* _What you will do_
Pictures do not belong in the copy. Write out exactly the lines from the one containing "MFSV Long Term Analysis for February 21 2026" through the end of the data.

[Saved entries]
########################################

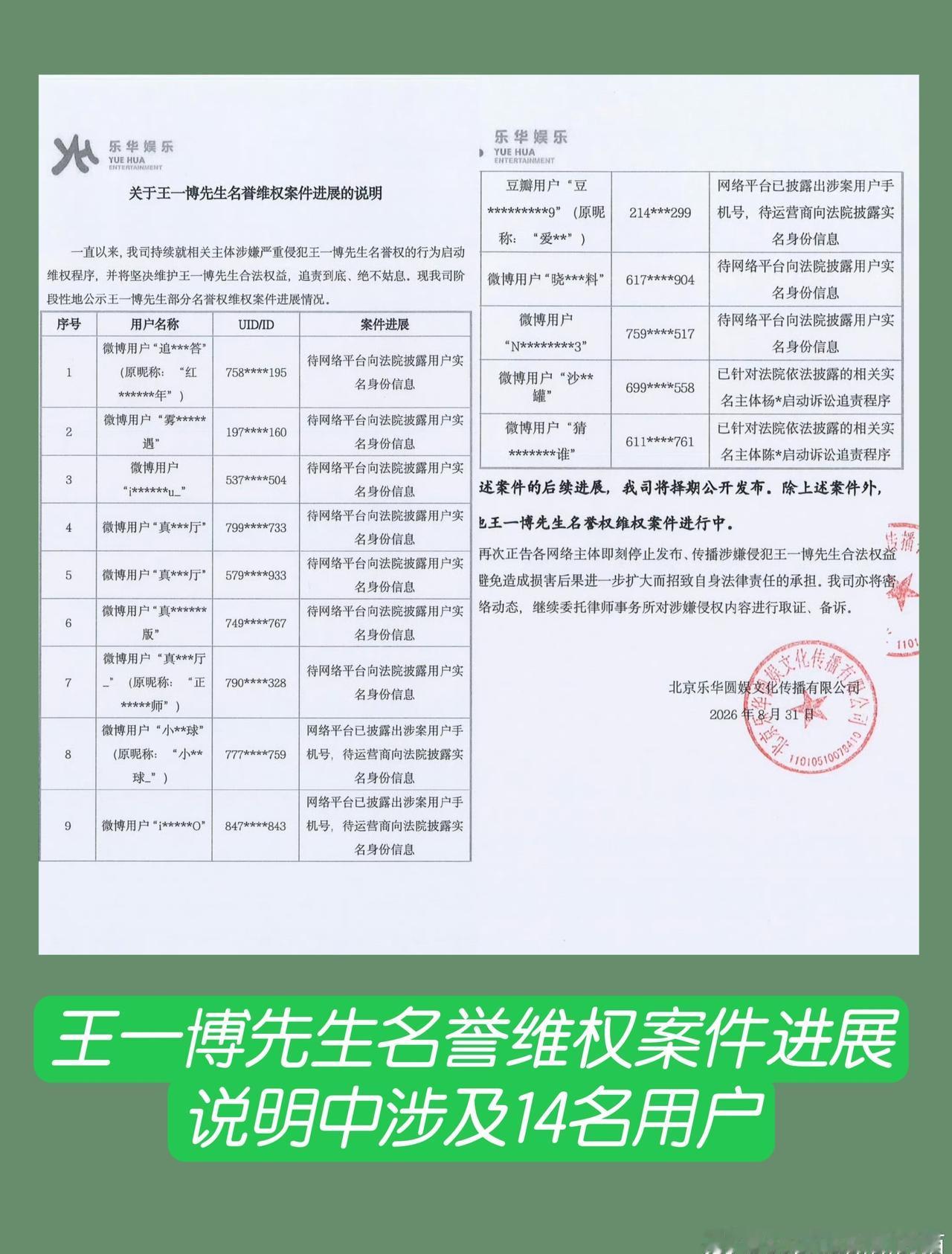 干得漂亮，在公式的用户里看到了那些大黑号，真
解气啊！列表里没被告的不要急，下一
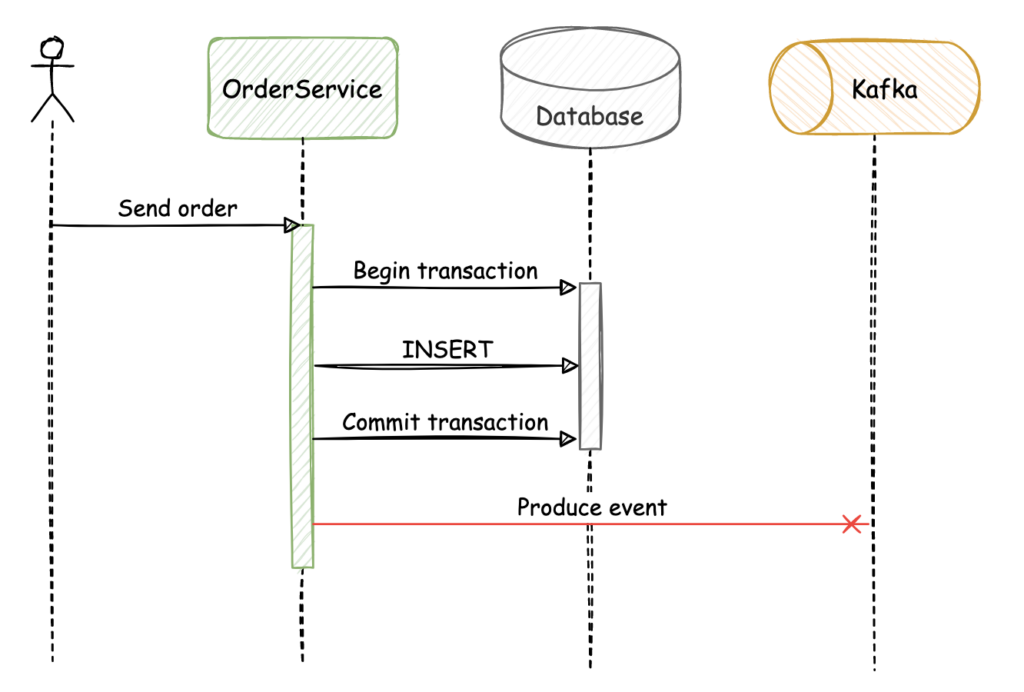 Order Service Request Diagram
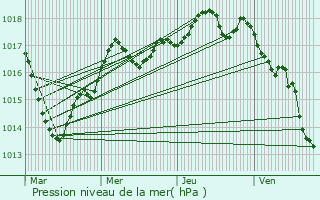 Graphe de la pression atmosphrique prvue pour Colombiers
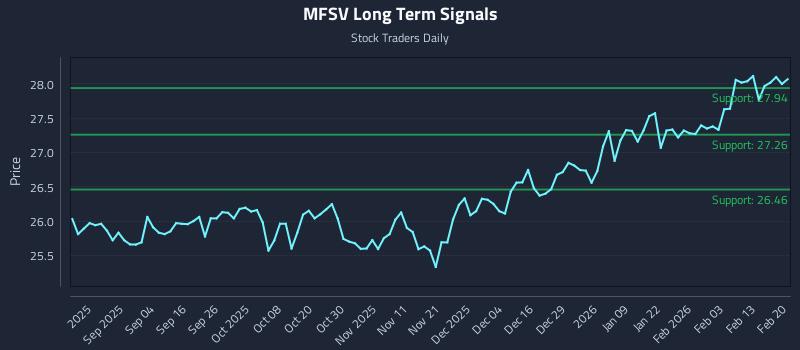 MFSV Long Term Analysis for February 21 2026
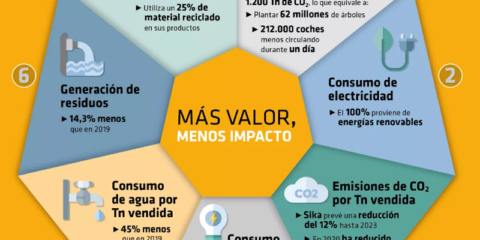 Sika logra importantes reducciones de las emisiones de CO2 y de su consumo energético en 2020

########################################

* _Result_
 MFSV Long Term Analysis for February 21 2026
 Sika logra importantes reducciones de las emisiones de CO2 y de su consumo energético en 2020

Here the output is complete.